What it is
Ichthys (ΙΧΘΥΣ) is the Greek word for "fish." For early Christians it carried a second life as an acrostic: the five letters stood for Iēsous Christos, Theou Hyios, Sōtēr — "Jesus Christ, Son of God, Savior." A name, a creed, and a memorable image packed into a single five-letter word.
Where it comes from
The fish is one of the earliest Christian symbols. It appears on gravestones, on the walls of catacombs, and on household objects from the second and third centuries — the period when Christianity was still an unauthorized religion in the Roman Empire. The acrostic reading of the word is attested in early Christian writers; the simple two-arc fish outline appears even earlier as a visual device. The familiar story that early Christians used the fish as a discreet recognition sign between believers is widely repeated in modern retellings; the historical evidence for that specific practice is mixed, and the more confident statement is simply that the fish was among the earliest and most common Christian emblems.
The form
The simple outline — two intersecting arcs forming the silhouette of a fish — is among the simplest religious emblems in the Christian visual tradition.

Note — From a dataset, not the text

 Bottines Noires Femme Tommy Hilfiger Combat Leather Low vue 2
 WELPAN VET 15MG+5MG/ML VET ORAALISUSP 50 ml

Drawn with a single continuous gesture, it can be scratched into stone, traced in sand, or stamped on the seal of a letter.
Where you'll see it today
The ichthys is widely recognized in modern American Christianity. It appears on bookstore signage, on the back of cars, on t-shirts and jewelry, and as a decorative motif on Bible covers. It carries less liturgical weight than the chi-rho or the cross but more personal, affectionate weight — a quiet sign of identification more than a formal emblem.
Why it's the SumBible footer symbol
The footer wants a quiet, ancient mark of Christian identity — not a formal emblem but a humble one, fitting for the part of the page that sits below the substance. The ichthys is the right shape for that register.